With the myriad of responsibilities and squeezed time that management has, the lack of attention to contractual details can result in situations where the credit union "is caught off guard" and cannot take the action it desires due to a deficiency in a service provider contract, said Guy Messick, general counsel for NACUSO and head of Messick & Weber, P.C., a law firm that assists credit unions.
Enter the role of the strategic provider manager. This person would be involved in the service provider selection process, contract negotiation, the implementation process and the monitoring process. The SPM would also meet with the service provider periodically to review the relationship and what steps can be taken to improve the relationship, Messick said. The use of performance standards and relationship monitoring are essential tools for the credit union management to access the success of a service provider relationship.
"Credit unions should have staff that are liaisons to the CUSOs and are informed as to the services and products being provided by the CUSO so that the credit union board and regulator know that the credit union has not just handed over the keys to the car to the CUSO," Messick said. "The credit union should at least be a passenger in the car and can monitor the CUSO's driving."

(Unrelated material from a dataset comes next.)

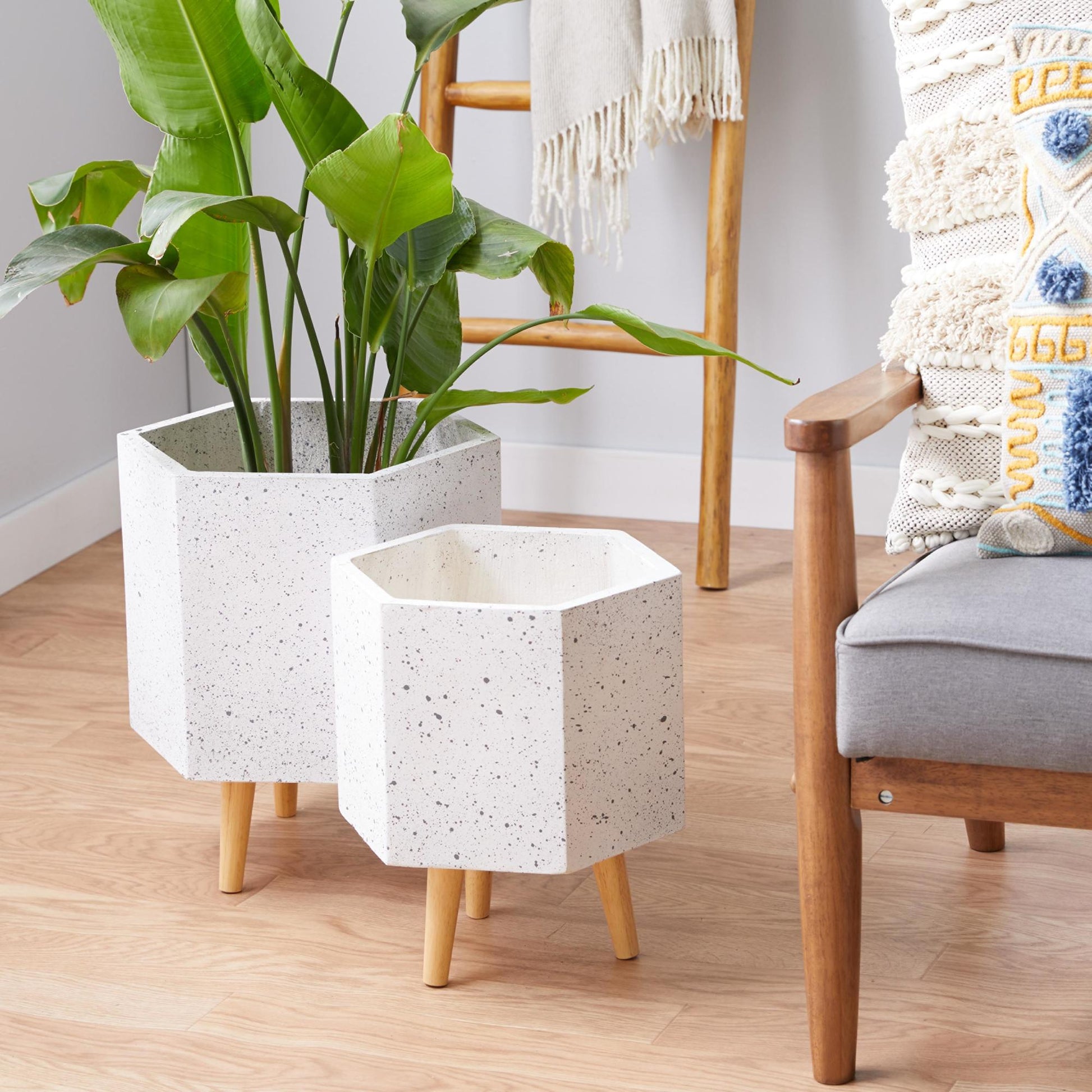 Set of 2 White Magnesium Oxide Planter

Selecting the "right" service provider is approached differently by credit unions. The SPM's role could work with the "specialized knowledge staff," which are experts from a specific department within a credit union, to help make the selection. These experts ideally would have an established performance criteria and the knowledge to evaluate the ability of the candidates to meet the standards, Messick said.
"One of the key functions of an SPM would be to network with industry colleagues to gain a knowledge base for the credit union to draw upon for options to meet its service needs," Messick said. "If this is someone's dedicated job, think how much easier it will be for senior management to select a service provider who will best serve the needs of the credit union."
Messick said other advantages are senior managers won't "have to feel like pathfinders for every new service that is considered" and the time from conception to market might be greatly compressed.
The SPM is one piece of NACUSO's bigger effort to build on the momentum of integrating credit union and CUSO activities, said Tom Davis, president/CEO of NACUSO. It continues to be a struggle for most and barriers still exist, he added.
"It's kind of 'we' and 'they' as opposed to 'us,'" Davis said. "Not all the time, but CUSOs sometimes get treated as distant stepsisters. The whole issue around the strategic partner manager is how do we integrate the CUSO and credit union."
The SPM's role would fall under the creation of a chief integration officer, Davis explained. This person would ensure that integration is happening across all lines. The CIO would probably meet more often in the beginning with the appropriate persons and then perhaps for three hours once a month to address any trouble spots. Looking at a credit union's organizational chart, at the top would be the board of directors, then the CEO with the CIO reporting to the CEO. The key strategies might be market expansion and growth, strategic positioning, professional development of employees and operations excellence, Davis said. The traditional departments including investments, human resources, lending and information technology would fall under those four strategies.
"I don't think we are adequately aligned to support strategy," Davis said. "[Credit unions] in the U.S. have existed for nearly 100 years and quite frankly, we have the same structure. Of course, we've grown bigger and introduced management teams. Many credit unions are organized to oversee functions but when you structure yourselves like this, you have integration programs."
Davis said AT&T Canada is currently working on a similar integration model. A few CUSOs are prepping to beta test the model, he added. Messick said NACUSO would like to continue dialogues with NCUA on finding out what the regional directors are looking for from CUSOs and credit unions as the two entities meet in the middle.
"NCUA is supportive of CUSOs and collaboration but is concerned about any operational service credit unions do not monitor," said Messick, emphasizing that NACUSO intends to work with the regulator, CUSOs and credit unions to develop best practices. "We as an industry have to understand that if we change the way we operate by aggregating services, we need to change the way we assess and monitor the risks."